EXERCISE GOAL
Every line below from the one with "Talbots Puffer Coat" through the one with "Men's lifestyle photography" should be retyped exactly, both ends included; no other lines and no pictures.

TASK INPUT
==============================
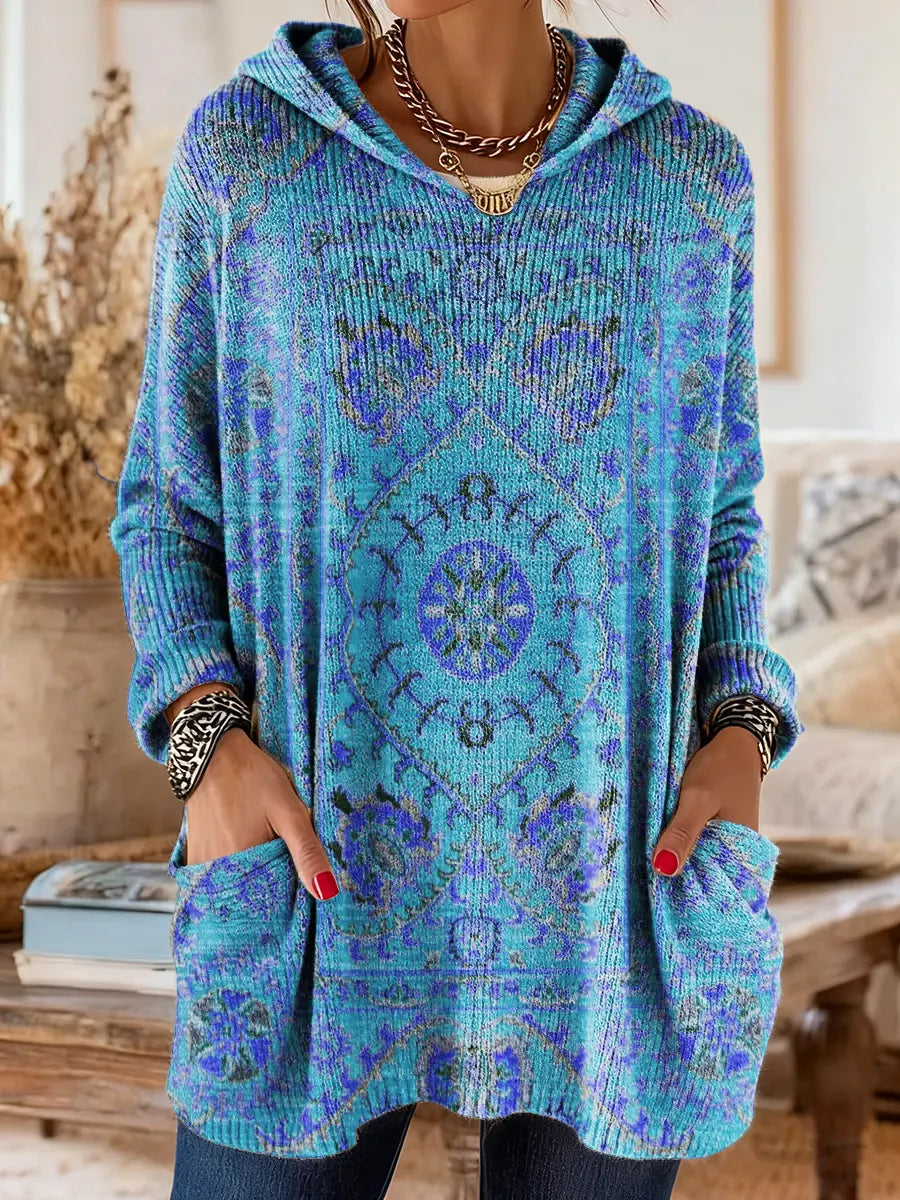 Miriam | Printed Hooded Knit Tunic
==============================
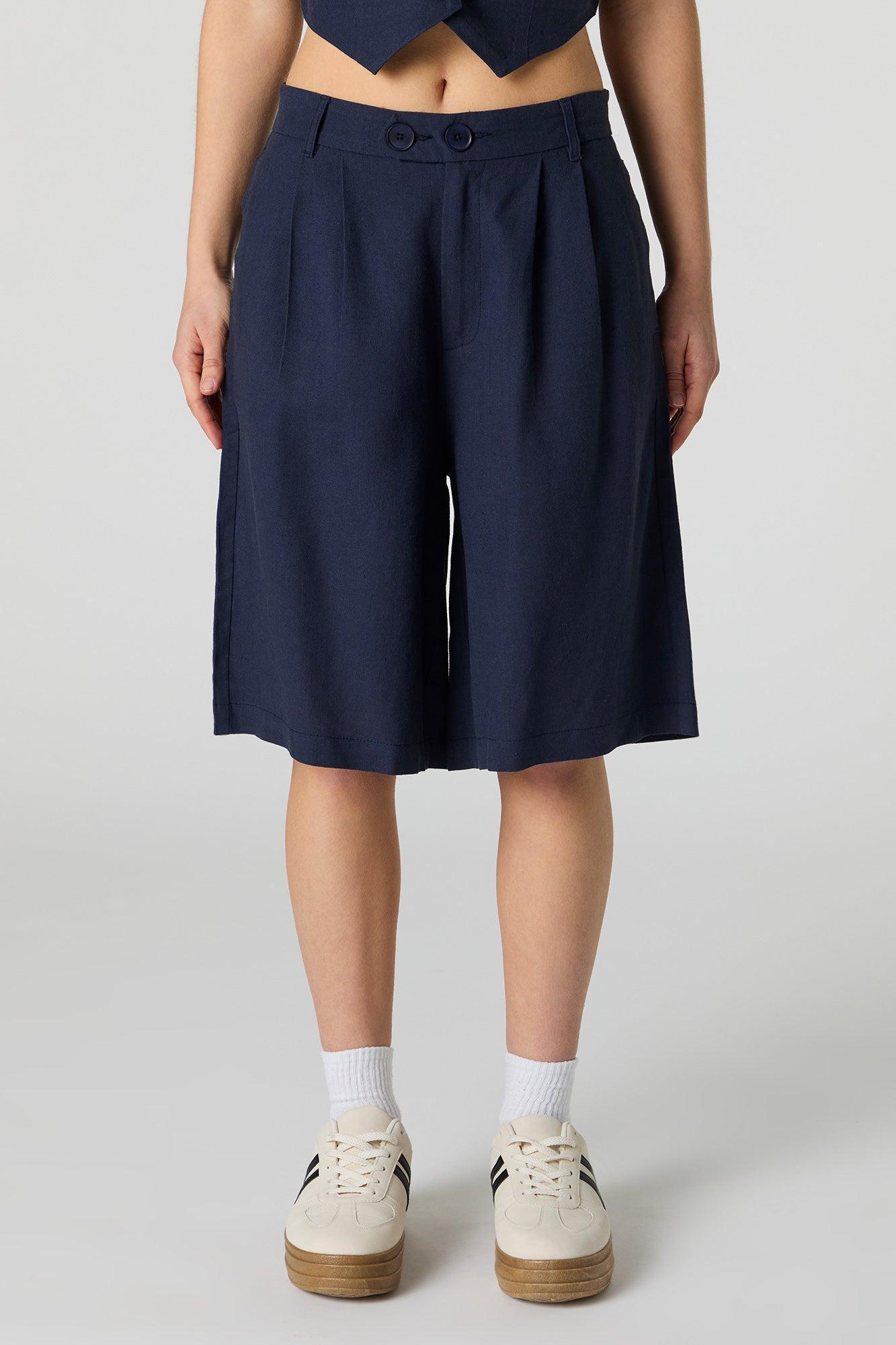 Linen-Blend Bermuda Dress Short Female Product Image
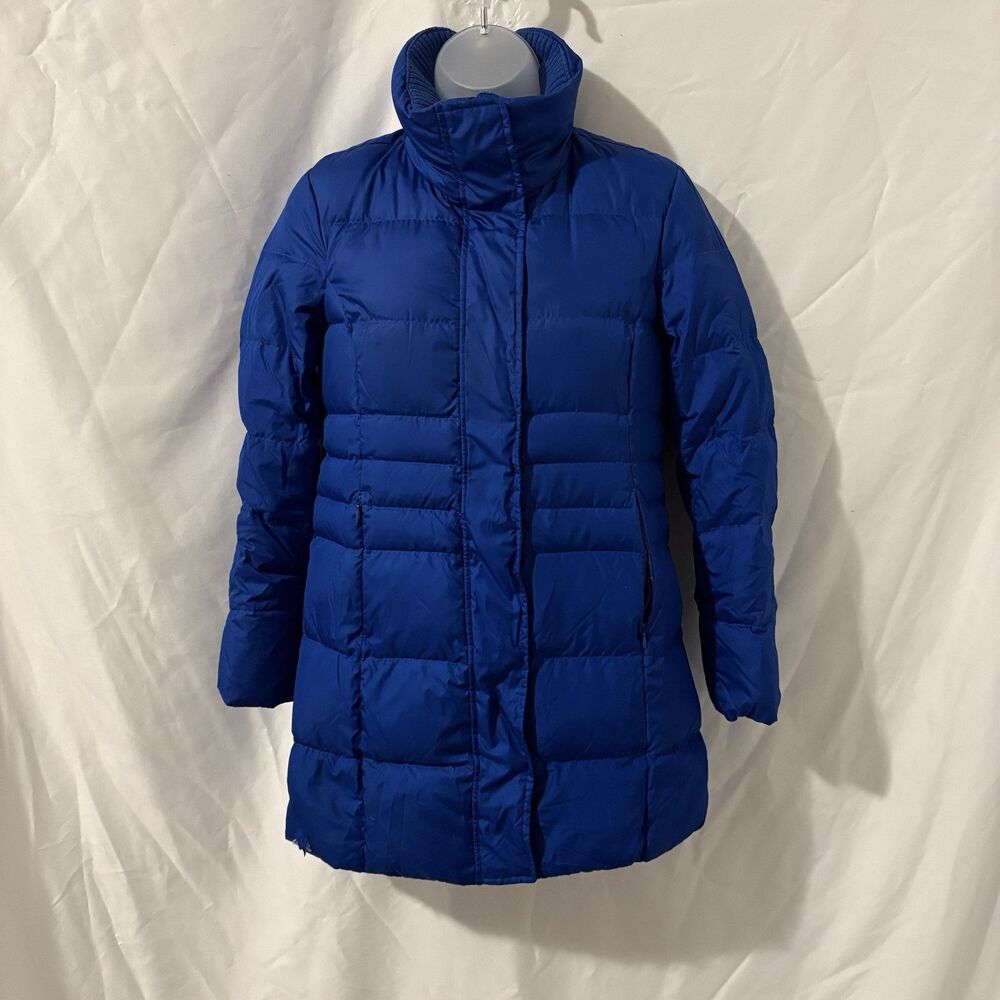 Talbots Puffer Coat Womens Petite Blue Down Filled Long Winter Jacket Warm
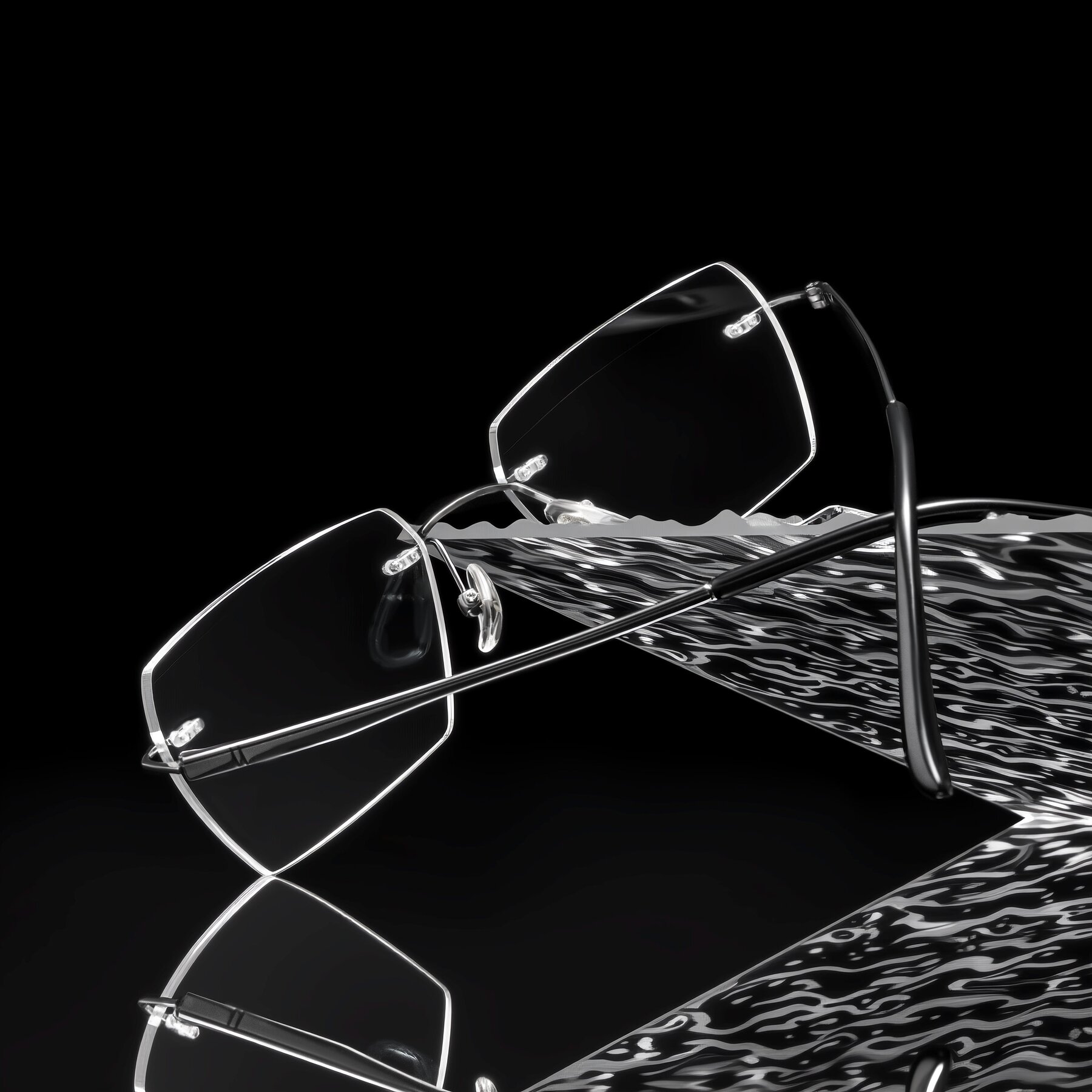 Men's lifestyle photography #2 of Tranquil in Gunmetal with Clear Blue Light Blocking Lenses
==============================
ANSWER FOR THE TASK
 Talbots Puffer Coat Womens Petite Blue Down Filled Long Winter Jacket Warm
 Men's lifestyle photography #2 of Tranquil in Gunmetal with Clear Blue Light Blocking Lenses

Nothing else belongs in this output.